* _What you need to do_
Give back all of the data exactly as it stands, with the pictures removed.

* _Information supplied_
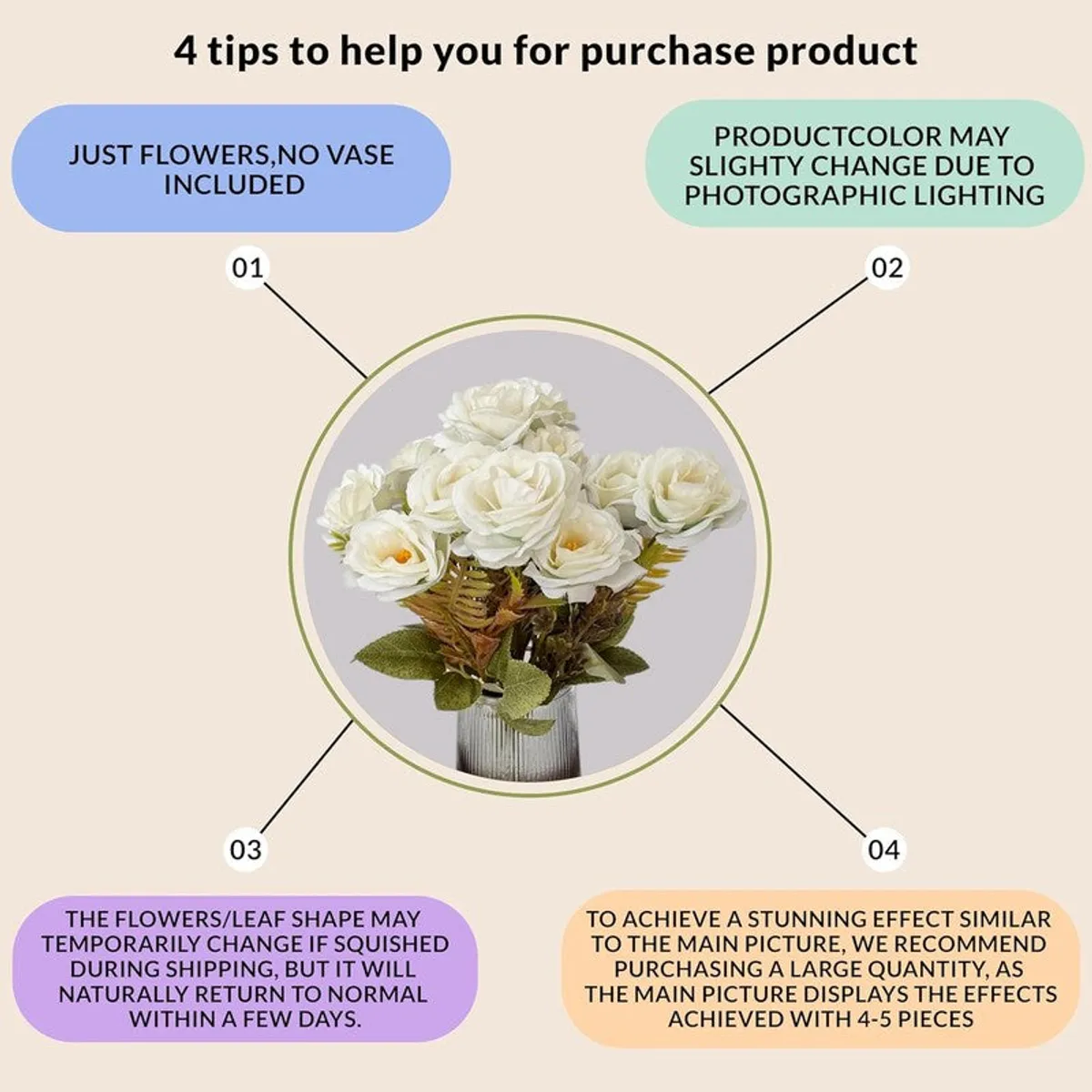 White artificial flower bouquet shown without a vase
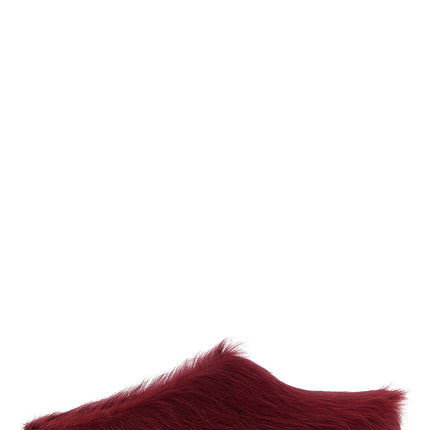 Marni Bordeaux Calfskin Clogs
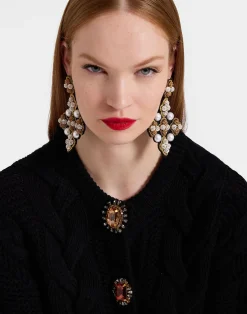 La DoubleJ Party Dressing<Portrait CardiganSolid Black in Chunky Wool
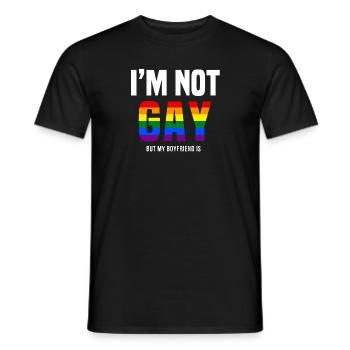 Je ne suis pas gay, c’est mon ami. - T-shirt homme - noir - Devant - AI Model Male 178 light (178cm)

* _Written reply_
 White artificial flower bouquet shown without a vase
 Marni Bordeaux Calfskin Clogs
 La DoubleJ Party Dressing<Portrait CardiganSolid Black in Chunky Wool
 Je ne suis pas gay, c’est mon ami. - T-shirt homme - noir - Devant - AI Model Male 178 light (178cm)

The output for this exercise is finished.